Major Cancer Groups Recommend CT Scans for Lung Cancer
By Dr. VERONICA SIKKA
For the first time, several top cancer organizations are recommending that smokers and former smokers ages 55 to 74 years who have smoked at least one pack of cigarettes a day for at least 30 years get an annual low-dose CT (LDCT) - a three dimensional X-ray - to look for lung cancer.
The recommendations, put forth as a collaborative effort by the American Cancer Society, American College of Chest Physicians, American Society of Clinical Oncology, and National Comprehensive Cancer Network, were released this morning. They appear in the Journal of the American Medical Association.
Each year, more Americans die from lung cancer than from breast, colon, and prostate cancers combined. It has held its position for years as the second most common cancer for both sexes in the United States. Only prostate cancer is more common than lung cancer in men. Breast cancer is the most common cancer in women.
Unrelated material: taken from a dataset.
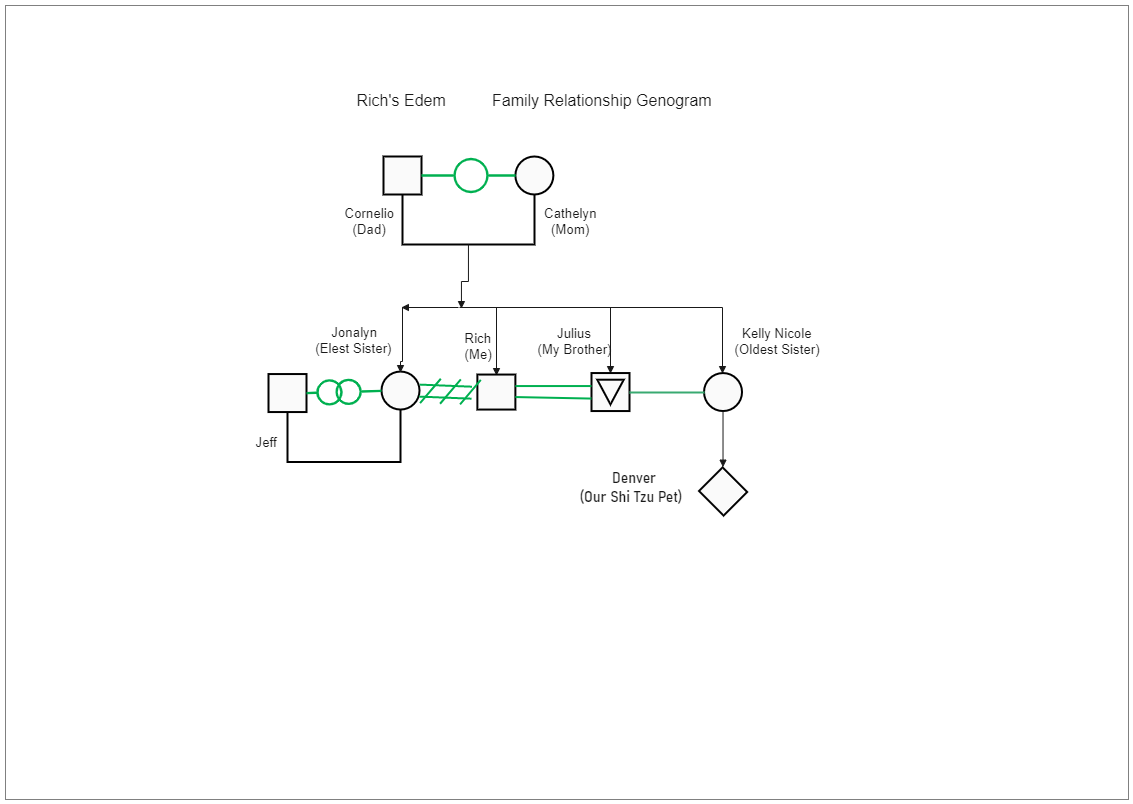 The above shows brief outline of ArnedJonalyn Edem's familial relations. A genogram is created with simple symbols representing the gender, with various lines to illustrate family relationships. Some genogram users also put circles around members who live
If detected early enough, lung cancer can be treated and survival chances improved. Despite this, until now there had been no formal recommendations on screening tests for this deadly cancer.
"We now have an important and critical tool to screen for the most common cancer in America, and can reduce the mortality through this screening," says Dr. John Deeken, assistant professor in the division of hematology/oncology at Georgetown University in Washington, D.C.
Still, the question of whether every person at high risk for lung cancer should get an annual low-dose CT scan is not so simple. Since the type of CT scan used exposes the patient to radiation, albeit a low-level dose, there is a small health risk posed by this screening.
If doctors detect a questionable cancerous mass through a CT scan, they may have evaluate it further through a minor surgery called a biopsy. In this procedure, a doctor will take a sample of the tissue for further testing to determine if the mass really is a cancer. While some of these may be cancerous, there are always a certain number which are not - meaning that the detection and subsequent surgery may not have been technically necessary.
The new recommendation also begs the question of who will be paying for the test itself.
"The cost of LDCT is currently not covered as a standard test," says Dr. Chao Huang, lung cancer specialist at the University of Kansas Cancer Center. "Therefore, it is difficult to recommend this test when patients may be burdened by the cost of this test year after year."
"The key question is when will more insurance companies, and most importantly Medicare, start paying for these screening tests," Deeken says.
And then there is the issue of how many Americans will fall under the guidelines - and whether the resources exist to screen all of them.
"We currently do not have the infrastructure to manage the potential number of patients that would qualify for screening," Huang says.
These issues aside, one thing is clear: screening CTs have been shown to save lives. Dr. Keith Mortman, associate professor of clinical surgery at Georgetown University School of Medicine, explains that a major study in 2010 called the National Lung Screening Trial found a 20 percent reduction in lung cancer deaths in patients who were screened with low-dose CT scans as compared to those who got chest X-rays.
Dr. Herbert Kressel, a radiologist at Harvard Medical School, says that in light of this, the recommendation is a step in the right direction.
"Lung cancer is an important health problem with a poor prognosis when it is discovered at an advanced stage," Kressel says. "This study is important in further highlighting the importance of low dose CT screening for patients at high risk for lung cancer."